===== Information supplied

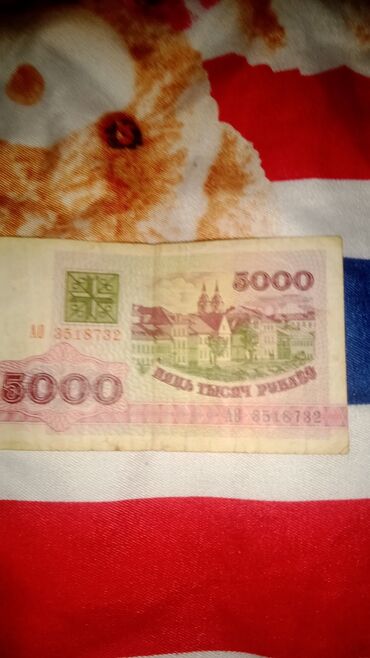 Купюры: Продаю 5000 беларуских рублей подлинные!!!, по поводу покупки пишите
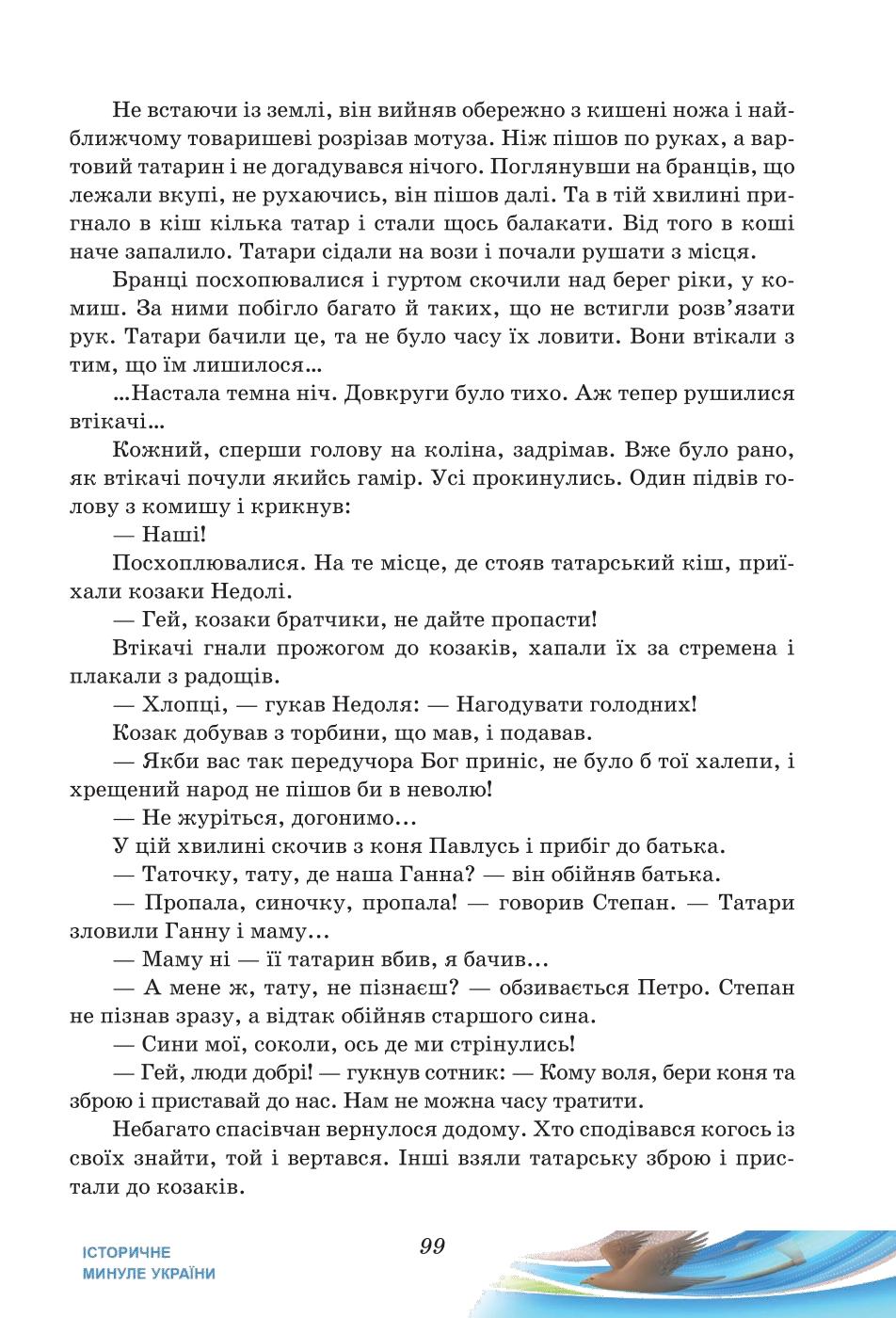 Мініатюра 99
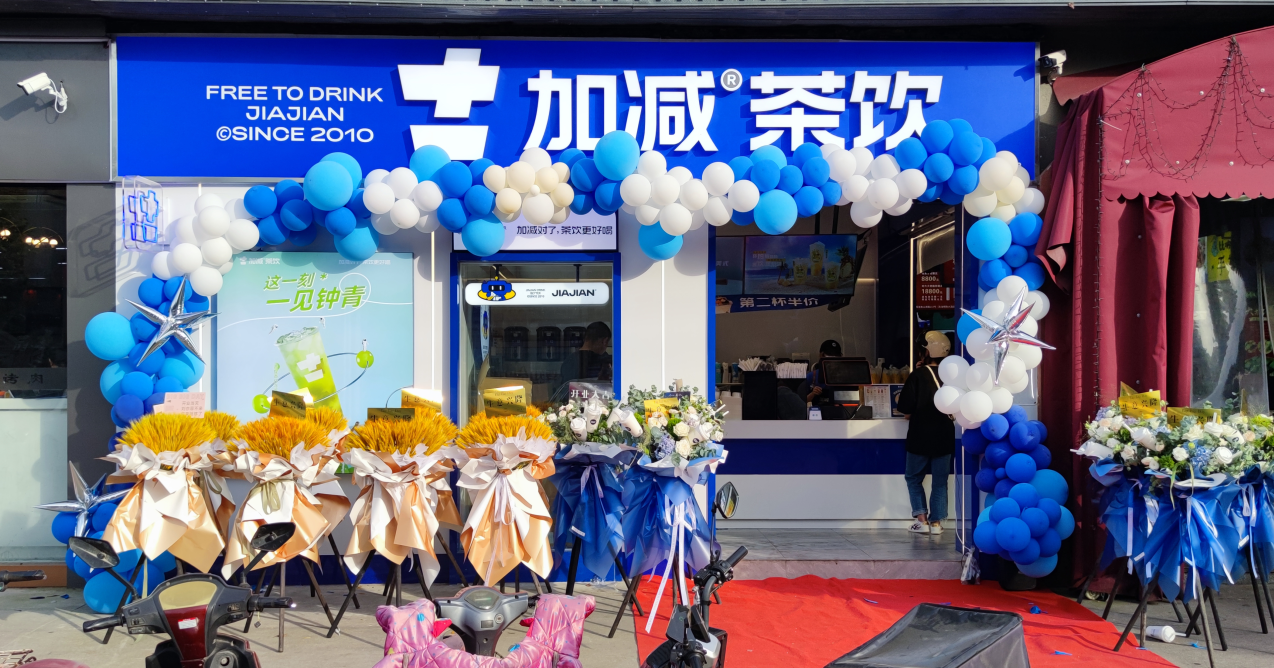 原来这是升级后的九游会J9真人游戏第一品牌茶饮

==========

What the task requires: Apart from the images, please copy every line of the data exactly as written.

Exercise answer:
 Купюры: Продаю 5000 беларуских рублей подлинные!!!, по поводу покупки пишите
 Мініатюра 99
 原来这是升级后的九游会J9真人游戏第一品牌茶饮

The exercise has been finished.